Thanks for the memory
Several years ago my mother-in-law had a small dedicated PC to play her English lessons on. It was eventually scrapped and came to me to salvage what I could from it. I installed Linux on it and started to use it to play music in my office. It's rather under powered but it did work. I then inherited two more powerful systems from my sister-in-law's partner. I bought some RAM to upgrade everything but the small form factor system refused to play ball. At the end of last year I went to England and visited a friend, and I took all the modern RAM I had with me to give him what I could. While we swapped RAM around there was some spare, and I noticed it matched perfectly the spare unused RAM I had, creating a matched pair. When I came back I put the matched pair into the small computer and the pictured RAM here is the one that was left over.
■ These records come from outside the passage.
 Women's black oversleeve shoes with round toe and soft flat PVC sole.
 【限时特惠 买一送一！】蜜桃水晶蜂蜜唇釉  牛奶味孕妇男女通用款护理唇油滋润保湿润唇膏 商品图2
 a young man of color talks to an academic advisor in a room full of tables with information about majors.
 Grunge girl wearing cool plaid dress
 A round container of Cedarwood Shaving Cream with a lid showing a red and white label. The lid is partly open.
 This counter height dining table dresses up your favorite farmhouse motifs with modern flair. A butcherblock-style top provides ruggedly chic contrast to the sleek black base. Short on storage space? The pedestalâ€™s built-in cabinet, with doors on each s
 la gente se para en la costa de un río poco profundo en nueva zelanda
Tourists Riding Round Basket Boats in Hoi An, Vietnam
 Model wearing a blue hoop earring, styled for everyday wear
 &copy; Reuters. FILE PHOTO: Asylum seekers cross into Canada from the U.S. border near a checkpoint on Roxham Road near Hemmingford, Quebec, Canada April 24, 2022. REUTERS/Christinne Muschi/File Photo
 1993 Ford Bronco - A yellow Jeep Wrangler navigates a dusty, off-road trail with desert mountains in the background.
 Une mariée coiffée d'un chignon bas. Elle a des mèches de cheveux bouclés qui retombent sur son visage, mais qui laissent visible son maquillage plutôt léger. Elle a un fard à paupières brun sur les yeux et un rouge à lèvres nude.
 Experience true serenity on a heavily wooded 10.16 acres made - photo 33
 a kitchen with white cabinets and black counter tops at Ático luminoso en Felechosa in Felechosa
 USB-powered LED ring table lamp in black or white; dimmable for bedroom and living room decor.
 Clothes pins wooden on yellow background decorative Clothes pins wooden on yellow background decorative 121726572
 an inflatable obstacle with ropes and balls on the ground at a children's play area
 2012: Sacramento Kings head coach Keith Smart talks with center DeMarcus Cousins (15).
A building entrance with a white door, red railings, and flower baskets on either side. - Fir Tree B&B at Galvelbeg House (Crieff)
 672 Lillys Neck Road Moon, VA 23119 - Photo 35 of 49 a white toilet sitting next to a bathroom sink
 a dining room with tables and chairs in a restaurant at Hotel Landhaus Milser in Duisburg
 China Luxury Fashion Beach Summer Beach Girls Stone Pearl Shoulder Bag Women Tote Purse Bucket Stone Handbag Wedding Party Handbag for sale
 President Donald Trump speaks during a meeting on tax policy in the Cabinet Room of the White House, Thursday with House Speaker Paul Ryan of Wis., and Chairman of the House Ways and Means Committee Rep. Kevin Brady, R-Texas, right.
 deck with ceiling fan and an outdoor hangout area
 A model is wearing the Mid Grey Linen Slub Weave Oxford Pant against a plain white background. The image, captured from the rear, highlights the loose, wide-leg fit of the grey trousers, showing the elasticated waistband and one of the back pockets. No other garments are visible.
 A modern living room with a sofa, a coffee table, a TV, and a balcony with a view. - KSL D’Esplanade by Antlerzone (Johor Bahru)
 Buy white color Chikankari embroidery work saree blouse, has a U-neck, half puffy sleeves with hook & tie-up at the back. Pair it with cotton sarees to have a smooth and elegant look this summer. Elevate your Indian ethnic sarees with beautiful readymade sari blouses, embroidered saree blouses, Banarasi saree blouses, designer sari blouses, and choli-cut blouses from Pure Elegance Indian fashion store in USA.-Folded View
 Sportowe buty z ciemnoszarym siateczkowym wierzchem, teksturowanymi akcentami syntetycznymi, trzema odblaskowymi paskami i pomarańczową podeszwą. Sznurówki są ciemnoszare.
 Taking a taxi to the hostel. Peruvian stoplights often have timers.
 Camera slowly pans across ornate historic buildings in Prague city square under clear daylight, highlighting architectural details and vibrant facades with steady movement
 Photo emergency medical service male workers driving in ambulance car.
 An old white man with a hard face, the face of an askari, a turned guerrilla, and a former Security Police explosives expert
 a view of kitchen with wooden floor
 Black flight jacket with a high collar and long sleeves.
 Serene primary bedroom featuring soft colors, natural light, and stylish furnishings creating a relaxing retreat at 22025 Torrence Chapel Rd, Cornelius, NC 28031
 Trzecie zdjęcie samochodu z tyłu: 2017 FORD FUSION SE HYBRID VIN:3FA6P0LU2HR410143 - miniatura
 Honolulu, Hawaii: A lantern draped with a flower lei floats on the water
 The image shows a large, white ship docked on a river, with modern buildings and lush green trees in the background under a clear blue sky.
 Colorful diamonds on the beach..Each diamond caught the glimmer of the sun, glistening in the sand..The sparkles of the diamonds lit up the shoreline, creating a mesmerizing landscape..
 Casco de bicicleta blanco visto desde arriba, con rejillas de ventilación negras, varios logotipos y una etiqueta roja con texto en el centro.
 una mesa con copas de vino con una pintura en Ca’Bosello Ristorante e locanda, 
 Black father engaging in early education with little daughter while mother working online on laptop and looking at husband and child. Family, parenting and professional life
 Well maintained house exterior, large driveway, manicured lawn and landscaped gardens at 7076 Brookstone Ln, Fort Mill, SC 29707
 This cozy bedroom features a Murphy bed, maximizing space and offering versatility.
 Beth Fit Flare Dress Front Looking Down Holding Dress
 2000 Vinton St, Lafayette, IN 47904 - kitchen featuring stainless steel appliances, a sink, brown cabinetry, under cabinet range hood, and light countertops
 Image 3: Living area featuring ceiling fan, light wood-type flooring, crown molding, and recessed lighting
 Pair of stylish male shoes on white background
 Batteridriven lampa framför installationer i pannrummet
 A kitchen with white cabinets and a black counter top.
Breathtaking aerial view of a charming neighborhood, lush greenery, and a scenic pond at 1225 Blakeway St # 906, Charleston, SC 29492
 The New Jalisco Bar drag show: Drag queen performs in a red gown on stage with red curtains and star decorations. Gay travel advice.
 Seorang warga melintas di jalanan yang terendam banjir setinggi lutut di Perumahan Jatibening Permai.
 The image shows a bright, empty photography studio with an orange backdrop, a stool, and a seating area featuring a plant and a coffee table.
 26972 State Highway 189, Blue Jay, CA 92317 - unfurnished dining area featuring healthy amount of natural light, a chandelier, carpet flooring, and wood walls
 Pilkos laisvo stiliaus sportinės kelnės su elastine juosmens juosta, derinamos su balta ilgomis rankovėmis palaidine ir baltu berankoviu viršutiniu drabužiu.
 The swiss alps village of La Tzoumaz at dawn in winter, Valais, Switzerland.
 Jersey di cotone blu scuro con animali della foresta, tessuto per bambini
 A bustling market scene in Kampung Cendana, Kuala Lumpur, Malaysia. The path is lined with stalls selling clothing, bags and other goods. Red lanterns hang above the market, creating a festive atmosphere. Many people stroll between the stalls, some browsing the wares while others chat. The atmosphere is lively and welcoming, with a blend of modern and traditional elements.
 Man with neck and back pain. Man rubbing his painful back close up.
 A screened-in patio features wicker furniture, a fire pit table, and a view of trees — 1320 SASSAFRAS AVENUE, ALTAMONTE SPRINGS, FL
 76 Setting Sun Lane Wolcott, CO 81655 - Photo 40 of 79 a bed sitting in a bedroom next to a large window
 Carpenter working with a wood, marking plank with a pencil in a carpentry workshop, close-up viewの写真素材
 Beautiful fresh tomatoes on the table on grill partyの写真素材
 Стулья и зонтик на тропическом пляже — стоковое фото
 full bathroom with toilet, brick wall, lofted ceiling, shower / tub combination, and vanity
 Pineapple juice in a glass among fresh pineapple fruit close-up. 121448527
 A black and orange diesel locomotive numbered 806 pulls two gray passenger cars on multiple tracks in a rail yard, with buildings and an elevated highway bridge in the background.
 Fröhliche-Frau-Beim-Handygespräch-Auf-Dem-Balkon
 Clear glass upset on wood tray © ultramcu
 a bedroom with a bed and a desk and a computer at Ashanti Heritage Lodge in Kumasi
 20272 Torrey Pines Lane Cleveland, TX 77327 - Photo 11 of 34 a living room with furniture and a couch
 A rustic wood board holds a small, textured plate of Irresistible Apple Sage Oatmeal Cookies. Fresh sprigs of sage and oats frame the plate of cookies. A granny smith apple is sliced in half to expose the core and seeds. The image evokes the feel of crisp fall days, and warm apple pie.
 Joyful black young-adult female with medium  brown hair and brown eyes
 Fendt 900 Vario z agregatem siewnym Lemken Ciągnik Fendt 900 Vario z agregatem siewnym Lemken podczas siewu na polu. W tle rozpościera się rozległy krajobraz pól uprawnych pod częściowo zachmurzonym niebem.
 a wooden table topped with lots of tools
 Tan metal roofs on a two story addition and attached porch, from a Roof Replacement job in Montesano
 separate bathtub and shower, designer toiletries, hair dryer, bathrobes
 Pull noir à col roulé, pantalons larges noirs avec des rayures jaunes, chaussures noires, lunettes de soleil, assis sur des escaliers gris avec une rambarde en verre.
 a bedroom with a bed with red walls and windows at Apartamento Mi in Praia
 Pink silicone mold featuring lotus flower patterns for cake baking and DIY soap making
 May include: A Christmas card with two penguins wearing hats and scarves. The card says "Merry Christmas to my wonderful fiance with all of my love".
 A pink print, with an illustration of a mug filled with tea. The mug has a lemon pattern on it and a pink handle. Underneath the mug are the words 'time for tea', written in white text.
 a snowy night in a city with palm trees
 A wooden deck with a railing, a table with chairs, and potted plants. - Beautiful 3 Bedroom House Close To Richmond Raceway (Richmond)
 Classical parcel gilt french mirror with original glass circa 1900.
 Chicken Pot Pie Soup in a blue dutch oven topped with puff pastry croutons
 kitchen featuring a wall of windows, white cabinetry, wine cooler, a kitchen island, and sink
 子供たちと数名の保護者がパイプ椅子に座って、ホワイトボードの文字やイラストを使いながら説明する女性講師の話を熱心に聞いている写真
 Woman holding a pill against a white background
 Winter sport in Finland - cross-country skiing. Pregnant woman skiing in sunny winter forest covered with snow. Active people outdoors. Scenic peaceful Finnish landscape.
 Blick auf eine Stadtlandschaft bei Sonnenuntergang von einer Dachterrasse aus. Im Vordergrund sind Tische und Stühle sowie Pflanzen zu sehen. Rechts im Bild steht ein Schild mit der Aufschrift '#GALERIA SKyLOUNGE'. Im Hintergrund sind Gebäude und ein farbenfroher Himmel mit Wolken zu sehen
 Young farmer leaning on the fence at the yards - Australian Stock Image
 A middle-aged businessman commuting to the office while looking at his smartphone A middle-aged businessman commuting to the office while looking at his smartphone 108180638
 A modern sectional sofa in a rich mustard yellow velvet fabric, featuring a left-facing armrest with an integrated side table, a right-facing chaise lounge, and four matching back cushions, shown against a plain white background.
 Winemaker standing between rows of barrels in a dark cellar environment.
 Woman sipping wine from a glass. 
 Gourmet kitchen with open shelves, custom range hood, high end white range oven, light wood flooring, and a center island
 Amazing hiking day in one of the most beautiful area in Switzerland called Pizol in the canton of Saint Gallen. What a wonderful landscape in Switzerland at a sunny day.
On paper this module is exactly the same as either of the pair I have, but the system refuses to boot with a pair from different vendors - which I've not seen in a long while...! Any how I managed to double up the RAM in this small computer, and after a rearrangement of boxes is now my main music player in my office - and it's now getting more use than when it was new!
I now have this 2 Gigabytes DDR3 SODIMM free looking for a good home. Every computer I have already has the maximum RAM that the motherboard permits installed in it, so I've no use for it at the moment. My very first computer only had 64 Kilobytes of RAM, my first PC had 32 then 128 Megabytes and my second PC had 1 Gigabyte then 2 Gigabytes, and my best home system has 32 Gigabytes... So 2 Gb seems rather small now, even though in the past it was vast!
So this is now pretty tiny, though once it was big and impressive - sort of HARD luck for this module...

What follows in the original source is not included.